Look around you.  All is not right.  It is our human condition that we live in a world that is fallen from relationship with the Creator.  It is marred by competition, pride, hatred, and fear.  We build walls to keep people out who are not like us.  We do not want to share because we are afraid that there will not be enough.  We are scared to love because we will be hurt or condemned by others.  No baby is sinful.  But each infant is born into this dangerous life.  Who will make things right?

 

The good news is that God is putting things right through Jesus Christ.
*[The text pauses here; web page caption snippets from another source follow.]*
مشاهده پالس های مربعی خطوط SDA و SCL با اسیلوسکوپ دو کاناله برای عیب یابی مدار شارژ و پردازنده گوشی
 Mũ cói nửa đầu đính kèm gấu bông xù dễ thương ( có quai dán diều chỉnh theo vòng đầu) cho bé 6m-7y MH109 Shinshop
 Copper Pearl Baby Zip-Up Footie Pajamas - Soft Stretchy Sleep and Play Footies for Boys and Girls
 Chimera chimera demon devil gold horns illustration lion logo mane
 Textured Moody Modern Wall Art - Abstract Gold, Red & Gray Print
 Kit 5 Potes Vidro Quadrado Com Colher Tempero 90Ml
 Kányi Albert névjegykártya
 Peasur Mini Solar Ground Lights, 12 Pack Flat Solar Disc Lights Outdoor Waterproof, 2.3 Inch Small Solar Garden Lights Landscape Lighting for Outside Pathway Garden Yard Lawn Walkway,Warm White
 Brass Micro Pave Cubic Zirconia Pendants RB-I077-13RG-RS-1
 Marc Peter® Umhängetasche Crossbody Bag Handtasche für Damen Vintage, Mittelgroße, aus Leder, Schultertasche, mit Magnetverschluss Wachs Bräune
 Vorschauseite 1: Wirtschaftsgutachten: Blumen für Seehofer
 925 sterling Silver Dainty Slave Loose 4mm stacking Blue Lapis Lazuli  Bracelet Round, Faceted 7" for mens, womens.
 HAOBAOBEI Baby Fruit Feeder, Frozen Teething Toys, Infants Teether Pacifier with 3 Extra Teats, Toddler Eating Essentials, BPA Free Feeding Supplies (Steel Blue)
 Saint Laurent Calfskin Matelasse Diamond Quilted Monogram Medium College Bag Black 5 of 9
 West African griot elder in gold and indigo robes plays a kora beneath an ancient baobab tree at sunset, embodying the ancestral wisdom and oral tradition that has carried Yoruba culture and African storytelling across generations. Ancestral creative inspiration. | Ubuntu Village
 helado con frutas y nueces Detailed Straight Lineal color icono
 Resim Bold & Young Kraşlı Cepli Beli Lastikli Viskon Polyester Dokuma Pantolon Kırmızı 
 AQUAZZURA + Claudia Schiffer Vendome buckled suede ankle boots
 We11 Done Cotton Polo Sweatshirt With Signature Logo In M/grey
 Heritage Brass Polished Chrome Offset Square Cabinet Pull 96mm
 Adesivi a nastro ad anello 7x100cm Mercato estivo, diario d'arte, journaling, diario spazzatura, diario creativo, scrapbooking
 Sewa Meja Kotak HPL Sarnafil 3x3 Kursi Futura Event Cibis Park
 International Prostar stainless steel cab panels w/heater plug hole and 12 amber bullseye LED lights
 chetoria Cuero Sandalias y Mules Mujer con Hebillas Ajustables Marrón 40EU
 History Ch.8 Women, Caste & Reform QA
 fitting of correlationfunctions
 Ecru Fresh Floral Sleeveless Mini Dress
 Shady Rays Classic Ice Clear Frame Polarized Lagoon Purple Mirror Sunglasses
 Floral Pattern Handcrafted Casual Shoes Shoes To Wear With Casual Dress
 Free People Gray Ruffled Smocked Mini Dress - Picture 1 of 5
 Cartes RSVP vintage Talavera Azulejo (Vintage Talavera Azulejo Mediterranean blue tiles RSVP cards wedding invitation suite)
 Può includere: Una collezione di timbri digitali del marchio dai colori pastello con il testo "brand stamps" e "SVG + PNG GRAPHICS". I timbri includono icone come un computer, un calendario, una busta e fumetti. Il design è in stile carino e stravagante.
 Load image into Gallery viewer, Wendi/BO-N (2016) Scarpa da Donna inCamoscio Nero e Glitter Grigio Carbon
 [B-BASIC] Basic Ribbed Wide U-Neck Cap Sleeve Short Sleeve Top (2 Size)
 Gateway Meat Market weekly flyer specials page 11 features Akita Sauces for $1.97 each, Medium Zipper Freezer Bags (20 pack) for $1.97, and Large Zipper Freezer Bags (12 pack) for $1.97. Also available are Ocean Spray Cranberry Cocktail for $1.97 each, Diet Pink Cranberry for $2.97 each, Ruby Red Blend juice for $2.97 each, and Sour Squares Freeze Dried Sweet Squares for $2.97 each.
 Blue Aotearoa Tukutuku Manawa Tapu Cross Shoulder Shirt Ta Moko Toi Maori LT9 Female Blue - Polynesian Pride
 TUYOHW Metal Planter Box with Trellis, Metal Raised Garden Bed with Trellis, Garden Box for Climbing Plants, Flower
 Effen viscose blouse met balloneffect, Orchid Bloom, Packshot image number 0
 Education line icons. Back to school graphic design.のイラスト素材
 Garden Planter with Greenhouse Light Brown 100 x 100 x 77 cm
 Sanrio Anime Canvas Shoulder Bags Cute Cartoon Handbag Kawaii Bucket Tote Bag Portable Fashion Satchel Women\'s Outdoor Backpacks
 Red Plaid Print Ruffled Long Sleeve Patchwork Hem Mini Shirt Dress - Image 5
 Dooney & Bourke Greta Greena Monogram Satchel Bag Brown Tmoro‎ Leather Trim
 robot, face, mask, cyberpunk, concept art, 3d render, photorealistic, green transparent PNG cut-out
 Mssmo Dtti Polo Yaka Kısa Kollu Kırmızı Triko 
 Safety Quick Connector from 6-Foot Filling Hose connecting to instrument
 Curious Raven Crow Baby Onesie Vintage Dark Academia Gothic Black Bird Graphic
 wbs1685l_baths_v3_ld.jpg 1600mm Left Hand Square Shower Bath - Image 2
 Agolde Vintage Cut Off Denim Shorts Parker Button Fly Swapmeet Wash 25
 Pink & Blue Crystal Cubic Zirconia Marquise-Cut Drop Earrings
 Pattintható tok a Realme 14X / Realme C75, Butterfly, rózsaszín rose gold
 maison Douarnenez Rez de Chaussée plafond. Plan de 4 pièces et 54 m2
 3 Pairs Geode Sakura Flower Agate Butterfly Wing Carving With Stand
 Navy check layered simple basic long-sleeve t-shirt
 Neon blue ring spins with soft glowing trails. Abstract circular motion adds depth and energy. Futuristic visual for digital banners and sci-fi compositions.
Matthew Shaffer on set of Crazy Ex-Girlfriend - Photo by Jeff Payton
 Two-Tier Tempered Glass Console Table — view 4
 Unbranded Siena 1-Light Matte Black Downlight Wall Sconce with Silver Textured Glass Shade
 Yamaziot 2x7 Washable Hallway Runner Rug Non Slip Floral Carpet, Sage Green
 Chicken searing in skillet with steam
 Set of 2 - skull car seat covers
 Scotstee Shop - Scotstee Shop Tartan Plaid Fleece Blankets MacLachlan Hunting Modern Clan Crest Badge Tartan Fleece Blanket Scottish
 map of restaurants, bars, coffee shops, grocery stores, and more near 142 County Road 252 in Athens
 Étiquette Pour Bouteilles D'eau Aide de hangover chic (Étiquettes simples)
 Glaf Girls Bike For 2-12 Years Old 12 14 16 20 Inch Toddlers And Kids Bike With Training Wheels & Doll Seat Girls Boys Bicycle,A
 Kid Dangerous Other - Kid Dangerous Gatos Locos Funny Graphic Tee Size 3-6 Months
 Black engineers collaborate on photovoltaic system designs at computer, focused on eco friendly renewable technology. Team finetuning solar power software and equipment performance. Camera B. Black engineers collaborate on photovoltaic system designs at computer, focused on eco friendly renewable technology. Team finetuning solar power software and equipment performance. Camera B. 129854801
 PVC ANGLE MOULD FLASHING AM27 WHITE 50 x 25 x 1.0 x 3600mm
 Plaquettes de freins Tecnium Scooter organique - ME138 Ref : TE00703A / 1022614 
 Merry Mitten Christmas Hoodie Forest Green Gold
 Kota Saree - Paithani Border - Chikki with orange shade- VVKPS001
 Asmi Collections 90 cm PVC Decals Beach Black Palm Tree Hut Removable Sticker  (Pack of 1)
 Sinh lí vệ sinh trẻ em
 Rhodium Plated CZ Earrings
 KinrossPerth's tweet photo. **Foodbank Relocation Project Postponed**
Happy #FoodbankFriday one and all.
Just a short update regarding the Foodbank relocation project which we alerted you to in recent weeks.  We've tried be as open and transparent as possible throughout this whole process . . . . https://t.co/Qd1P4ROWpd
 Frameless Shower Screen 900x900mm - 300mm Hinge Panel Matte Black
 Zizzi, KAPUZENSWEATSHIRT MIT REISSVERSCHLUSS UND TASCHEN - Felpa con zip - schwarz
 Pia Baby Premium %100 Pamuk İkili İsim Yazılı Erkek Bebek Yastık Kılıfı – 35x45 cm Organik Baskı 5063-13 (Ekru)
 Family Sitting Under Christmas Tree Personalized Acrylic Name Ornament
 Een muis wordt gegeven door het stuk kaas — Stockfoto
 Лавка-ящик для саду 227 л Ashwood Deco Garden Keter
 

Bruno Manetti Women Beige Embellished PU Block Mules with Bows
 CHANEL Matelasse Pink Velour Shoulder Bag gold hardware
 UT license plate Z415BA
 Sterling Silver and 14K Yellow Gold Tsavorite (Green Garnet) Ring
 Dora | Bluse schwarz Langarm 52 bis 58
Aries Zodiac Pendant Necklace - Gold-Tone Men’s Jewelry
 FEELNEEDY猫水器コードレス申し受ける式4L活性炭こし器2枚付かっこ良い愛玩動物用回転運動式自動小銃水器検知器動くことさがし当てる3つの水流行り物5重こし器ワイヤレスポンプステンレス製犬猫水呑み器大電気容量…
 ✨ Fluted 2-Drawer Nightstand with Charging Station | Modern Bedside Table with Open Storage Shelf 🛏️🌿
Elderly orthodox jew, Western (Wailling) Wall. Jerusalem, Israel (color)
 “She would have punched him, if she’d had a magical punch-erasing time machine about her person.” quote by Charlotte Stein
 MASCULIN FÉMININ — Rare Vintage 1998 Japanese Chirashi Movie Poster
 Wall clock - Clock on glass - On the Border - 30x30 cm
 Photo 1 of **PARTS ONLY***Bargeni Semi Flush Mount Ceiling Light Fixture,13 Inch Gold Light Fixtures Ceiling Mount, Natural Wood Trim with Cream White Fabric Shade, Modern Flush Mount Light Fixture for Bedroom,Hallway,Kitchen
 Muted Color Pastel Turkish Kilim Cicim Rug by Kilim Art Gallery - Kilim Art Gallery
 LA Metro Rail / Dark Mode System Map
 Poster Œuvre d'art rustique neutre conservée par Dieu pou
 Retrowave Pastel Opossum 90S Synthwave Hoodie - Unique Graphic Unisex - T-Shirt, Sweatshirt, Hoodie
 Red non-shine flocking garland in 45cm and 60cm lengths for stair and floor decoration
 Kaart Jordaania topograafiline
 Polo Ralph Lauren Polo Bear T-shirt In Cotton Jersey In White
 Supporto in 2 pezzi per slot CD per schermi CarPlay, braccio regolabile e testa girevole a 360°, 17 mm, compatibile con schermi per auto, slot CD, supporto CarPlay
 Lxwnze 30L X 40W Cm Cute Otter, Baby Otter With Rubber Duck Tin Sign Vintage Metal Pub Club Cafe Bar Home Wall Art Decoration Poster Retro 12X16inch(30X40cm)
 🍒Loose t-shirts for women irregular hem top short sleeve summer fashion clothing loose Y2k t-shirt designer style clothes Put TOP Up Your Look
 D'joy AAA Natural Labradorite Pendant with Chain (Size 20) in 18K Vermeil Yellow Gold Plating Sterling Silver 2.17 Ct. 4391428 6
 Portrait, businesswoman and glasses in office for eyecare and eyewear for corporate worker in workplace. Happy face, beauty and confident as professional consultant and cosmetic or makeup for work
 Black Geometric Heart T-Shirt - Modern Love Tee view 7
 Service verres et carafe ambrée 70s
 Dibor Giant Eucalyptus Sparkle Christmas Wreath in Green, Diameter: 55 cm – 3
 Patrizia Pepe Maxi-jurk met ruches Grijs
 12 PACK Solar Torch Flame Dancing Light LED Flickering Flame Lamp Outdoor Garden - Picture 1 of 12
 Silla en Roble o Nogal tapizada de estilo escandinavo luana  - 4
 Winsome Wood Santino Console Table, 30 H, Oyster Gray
He is the One sent to rescue us from being asphyxiated by the toxins of this world.  When we are willing to answer in love the One who first loves us, the Holy Spirit throws us a rope and guides us through a dark and narrow passageway into the light.  We know that when a child comes into the world, he or she goes through the birth canal and is born in water and blood.  In the Church we say that we are baptized into the death of Christ because this sacrament of water is a symbol of our passage of rebirth into the resurrection life.  God comes to us and draws us out.  What God has done in Jesus breaks down all the barriers that keep us trapped and apart from experiencing the world as God wants it to be.

 

The book of Ephesians is thought by some to be a preparation manual for baptism.  In its first two chapters, the writer tells us what God has done to unite all things that had been broken apart by sin.  In the last three chapters, we are invited to response to God’s work by living out the resurrection life.  And in the middle as a hinge is the reading of Ephesians 3:14-21.  This amazing passage is a baptismal prayer for the community.  In it, the apostle asks for four things:

  1. That we be strengthened in our inner being
  2. That we be vessels for Christ dwelling within us
  3. That we be empowered to know what God has done for us
  4. That we be filled with the understanding of the love of Christ

 

This is a love that we can’t think our way into.  We have to allow God to make a home in our hearts and trust that promise of new life.  How much can we trust God?  All the way- just as those boys had to trust their rescuers to bring them out of that cave.  It wasn’t something they could do by themselves.  They needed help.

 

As adults, we can make decisions of our own to respond to the love of God in Christ Jesus.  Because we want our children to know this love too, we are willing to risk trusting them to God.  The families of Makena and Avery are showing great courage this morning by bringing their little ones to the sacrament of baptism.  They know that they cannot protect their children from all the dangerous things in this world.  They can’t keep them from experiences of hurt.  But they can bring these little ones to the One who makes all things right.  Jesus Christ is the one who has walked in the dark places and come out the other side victorious.  He is the one who has conquered death and broken down all divisions.  And Jesus is the one that can be trusted in this world and beyond.

 

Baptism is a challenge to those in the world who think they are doing alright and to those who think that we are all doomed.  It is the third way.   It is the way of admitting that all is not right, and that humanity is not capable of fixing what we have broken, but that God forgives, redeems, and guides us into abundant life.  It is a difficult decision.  It is the right decision.  Now to him who by the power at work within us is able to accomplish abundantly far more than all we can ask or imagine, to him be glory in the Church and in Christ Jesus to all generations, forever and ever.  Amen.